You can deadlock a simple SELECT against other statements, like an UPDATE. On my blog I have an example explaining a deadlock between two well tunned statements: Read/Write deadlock. While the example is SQL Server specific, the principle is generic. I don't have enough knowledge of MySQL to claim this is necessarily the case or not, specially in the light of various engines MySQL can deploy, but none the less a simple SELECT can be the victim of a deadlock.
I haven't looked into how MySQL transaction works, but this is based on how MSSQL transactions work:
If you are not using a transaction, each query has a transaction by itself. Otherwise you would get a mess every time an update failed in the middle.
The reason for the deadlock might be lock escalation. The database tries to lock as little as possible for each query, so it starts out by locking only the single rows affected. When most of the rows in a page is locked by the query it might decide that escalating the lock into locking the entire page would be better, which may have the side effect of locking some rows not otherwise affected by the query.
If a select query and an update query are trying to escalate locks on the same table, they may cause a deadlock eventhough only a single table is involved.
I agree that in this particular issue this is unlikely to be the issue but this is supplemental to the other answers in terms of limiting their scope, recorded for posterity in case someone finds it useful.

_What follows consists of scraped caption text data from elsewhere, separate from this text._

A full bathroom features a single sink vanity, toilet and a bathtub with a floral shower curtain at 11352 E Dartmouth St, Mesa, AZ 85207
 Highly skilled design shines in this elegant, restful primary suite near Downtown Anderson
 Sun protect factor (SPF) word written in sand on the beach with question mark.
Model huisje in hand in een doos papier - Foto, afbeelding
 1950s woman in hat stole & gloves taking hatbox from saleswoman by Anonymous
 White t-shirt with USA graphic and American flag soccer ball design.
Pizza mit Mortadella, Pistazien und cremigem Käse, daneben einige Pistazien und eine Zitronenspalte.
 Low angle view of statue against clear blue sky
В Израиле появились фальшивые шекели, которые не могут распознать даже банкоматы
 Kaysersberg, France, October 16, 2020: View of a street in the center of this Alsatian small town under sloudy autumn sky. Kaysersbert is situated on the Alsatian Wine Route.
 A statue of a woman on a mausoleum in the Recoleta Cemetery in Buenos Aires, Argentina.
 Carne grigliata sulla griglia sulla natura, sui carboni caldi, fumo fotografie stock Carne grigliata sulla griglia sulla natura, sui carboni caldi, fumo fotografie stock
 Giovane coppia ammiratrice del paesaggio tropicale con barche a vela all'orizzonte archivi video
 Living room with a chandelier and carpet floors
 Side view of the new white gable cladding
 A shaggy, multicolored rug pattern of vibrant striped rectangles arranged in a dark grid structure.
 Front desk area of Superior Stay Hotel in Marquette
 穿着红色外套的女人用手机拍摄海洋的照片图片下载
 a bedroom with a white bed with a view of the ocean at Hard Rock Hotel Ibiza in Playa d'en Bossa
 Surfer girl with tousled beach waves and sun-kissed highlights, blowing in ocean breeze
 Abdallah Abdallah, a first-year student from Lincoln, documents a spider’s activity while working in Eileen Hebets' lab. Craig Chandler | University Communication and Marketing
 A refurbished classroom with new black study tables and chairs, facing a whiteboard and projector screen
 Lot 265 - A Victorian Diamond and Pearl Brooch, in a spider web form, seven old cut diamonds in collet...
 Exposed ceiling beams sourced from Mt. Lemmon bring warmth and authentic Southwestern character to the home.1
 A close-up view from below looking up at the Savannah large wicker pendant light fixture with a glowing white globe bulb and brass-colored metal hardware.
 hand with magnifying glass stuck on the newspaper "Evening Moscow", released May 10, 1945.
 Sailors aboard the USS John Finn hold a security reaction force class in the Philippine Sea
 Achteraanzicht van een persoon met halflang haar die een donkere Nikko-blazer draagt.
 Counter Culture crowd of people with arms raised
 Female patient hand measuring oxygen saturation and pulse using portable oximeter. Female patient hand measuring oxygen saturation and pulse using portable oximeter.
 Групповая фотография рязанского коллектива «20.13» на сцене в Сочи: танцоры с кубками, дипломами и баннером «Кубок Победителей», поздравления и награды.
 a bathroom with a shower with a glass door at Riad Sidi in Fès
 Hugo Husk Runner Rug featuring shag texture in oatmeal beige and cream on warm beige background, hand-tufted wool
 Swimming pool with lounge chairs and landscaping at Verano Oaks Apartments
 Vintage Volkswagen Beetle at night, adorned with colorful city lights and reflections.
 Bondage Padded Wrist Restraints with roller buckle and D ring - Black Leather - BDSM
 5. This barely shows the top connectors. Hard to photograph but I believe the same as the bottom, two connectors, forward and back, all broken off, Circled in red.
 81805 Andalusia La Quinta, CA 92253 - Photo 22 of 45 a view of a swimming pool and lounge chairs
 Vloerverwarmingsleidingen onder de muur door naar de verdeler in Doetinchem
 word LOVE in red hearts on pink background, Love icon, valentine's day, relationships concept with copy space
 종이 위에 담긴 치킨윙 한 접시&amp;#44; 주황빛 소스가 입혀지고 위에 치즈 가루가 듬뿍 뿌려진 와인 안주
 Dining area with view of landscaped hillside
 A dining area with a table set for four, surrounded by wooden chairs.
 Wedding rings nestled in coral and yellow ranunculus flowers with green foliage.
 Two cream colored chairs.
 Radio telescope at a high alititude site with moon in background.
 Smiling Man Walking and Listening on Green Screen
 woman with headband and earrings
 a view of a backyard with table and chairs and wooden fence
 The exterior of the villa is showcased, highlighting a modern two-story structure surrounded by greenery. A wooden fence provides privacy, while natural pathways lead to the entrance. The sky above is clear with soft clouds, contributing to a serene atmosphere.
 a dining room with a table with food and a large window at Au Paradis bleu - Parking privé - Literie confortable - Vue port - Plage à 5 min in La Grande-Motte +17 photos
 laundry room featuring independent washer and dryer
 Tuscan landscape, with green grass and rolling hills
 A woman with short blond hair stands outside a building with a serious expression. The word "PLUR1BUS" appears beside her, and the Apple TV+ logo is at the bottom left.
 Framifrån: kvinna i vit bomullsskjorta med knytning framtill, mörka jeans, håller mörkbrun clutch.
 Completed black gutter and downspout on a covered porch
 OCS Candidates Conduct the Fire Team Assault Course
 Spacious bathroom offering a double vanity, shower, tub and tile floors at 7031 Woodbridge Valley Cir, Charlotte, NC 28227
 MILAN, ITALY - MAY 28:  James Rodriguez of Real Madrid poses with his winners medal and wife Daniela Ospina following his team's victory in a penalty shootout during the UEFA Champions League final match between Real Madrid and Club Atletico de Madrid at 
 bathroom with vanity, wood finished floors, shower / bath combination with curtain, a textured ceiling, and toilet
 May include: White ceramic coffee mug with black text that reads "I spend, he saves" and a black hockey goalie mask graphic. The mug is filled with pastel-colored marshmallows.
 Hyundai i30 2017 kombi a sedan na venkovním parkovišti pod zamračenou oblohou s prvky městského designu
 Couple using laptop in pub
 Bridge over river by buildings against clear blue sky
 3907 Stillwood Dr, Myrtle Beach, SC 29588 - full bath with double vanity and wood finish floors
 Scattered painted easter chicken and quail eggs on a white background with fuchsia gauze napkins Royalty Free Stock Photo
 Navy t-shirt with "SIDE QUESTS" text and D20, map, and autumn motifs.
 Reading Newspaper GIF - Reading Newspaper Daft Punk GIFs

MySQL can in rare cases have single statements periodically deadlock against themselves. This seems to happen particularly on bulk inserts and the issues are almost certainly a deadlock between different threads relating to the operation. I would expect bulk updates to have the same problem. In the past when faced with this sort of issue I have generally just cut down on the number of rows being inserted (or updated) in a single statement. You won't usually get a deadlock when trying to obtain the lock in this case but other messages.
A colleague of mine and I were discussing similar problems in MS SQL Server (so this is not unique to MySQL!) and he pointed out that the solution there is to tell the server not to parallelize the insert or update. The problems here are spinlock-related deadlocks, not logical lock deadlocks in the RDBMS.